At a $15$ percent annual inflation rate, the dollar would decrease by approximately one-half every $5$ years. At this inflation rate, in approximately how many years would the dollar be worth $\dfrac{1}{1,000,000}$ of its present value?

(A) $25$

(B) $50$

(C) $75$

(D) $100$

(E) $125$

The correct answer is (D), and I solved this by running through powers of $2$ and noting $2^{20}\approx 1,000,000$, so it would take around $20\cdot 5=100$ years.

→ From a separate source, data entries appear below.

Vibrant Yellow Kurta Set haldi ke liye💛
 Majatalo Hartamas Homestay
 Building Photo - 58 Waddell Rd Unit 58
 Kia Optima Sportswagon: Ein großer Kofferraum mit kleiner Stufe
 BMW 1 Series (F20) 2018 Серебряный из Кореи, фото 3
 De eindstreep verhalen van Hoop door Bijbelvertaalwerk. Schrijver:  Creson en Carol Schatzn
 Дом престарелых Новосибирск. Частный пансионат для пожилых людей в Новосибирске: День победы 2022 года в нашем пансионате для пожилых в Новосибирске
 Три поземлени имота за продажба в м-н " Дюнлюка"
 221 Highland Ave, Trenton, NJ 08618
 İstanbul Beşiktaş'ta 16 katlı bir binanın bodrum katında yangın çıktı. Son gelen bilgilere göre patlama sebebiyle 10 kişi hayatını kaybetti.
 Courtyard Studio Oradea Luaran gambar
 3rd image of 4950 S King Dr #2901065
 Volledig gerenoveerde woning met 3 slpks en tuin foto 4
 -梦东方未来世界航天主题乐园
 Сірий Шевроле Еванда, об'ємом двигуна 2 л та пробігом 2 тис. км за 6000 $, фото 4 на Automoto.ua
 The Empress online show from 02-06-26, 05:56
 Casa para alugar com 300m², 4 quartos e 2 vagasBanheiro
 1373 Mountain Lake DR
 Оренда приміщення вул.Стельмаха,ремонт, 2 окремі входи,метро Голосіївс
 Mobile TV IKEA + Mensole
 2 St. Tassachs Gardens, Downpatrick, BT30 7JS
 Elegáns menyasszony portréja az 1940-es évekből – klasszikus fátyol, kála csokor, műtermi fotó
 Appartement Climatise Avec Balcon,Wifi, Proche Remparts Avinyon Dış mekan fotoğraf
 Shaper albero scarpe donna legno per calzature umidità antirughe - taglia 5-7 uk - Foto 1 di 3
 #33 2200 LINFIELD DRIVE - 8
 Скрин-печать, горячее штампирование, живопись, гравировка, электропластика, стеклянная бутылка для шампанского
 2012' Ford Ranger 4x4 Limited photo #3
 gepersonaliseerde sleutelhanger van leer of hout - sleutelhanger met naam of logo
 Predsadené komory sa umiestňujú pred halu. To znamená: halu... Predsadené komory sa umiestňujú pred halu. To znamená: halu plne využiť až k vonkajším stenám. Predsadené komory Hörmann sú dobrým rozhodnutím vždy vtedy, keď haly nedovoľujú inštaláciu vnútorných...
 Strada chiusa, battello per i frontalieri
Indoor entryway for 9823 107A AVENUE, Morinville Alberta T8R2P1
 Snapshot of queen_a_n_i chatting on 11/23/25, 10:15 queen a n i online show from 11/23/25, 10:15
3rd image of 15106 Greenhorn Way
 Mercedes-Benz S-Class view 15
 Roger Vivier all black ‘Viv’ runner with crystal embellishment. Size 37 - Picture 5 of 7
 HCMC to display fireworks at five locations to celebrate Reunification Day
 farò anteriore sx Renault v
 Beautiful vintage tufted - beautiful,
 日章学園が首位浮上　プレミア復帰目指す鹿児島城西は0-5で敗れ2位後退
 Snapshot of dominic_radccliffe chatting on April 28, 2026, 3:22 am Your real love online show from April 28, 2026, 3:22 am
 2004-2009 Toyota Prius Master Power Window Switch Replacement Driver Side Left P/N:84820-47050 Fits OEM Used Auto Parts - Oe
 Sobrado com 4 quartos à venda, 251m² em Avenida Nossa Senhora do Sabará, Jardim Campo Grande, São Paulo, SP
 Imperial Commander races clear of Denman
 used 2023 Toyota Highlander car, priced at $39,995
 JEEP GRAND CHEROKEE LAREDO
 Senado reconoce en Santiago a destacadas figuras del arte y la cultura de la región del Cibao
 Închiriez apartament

Is there a less haphazard way of setting this problem up to solve it?

Answer 1

The explicit way is to say you want $(\frac 12)^n \lt \frac 1{1000000}, 2^n \gt 1000000$ and take the base 2 log of both sides, getting $n \gt \log_2 1000000=6(\log_2 10) \approx 19.9316$ so $n=20$ is the lowest integer.

A less formal way is to notice that $2^{10}=1024 \gt 1000$ so $2^{20} \gt 10^6$

Answer 2

$2^{10} = 1024$ and $1024^2 \approx 1,000,000$ and so, you get $2^{20}$.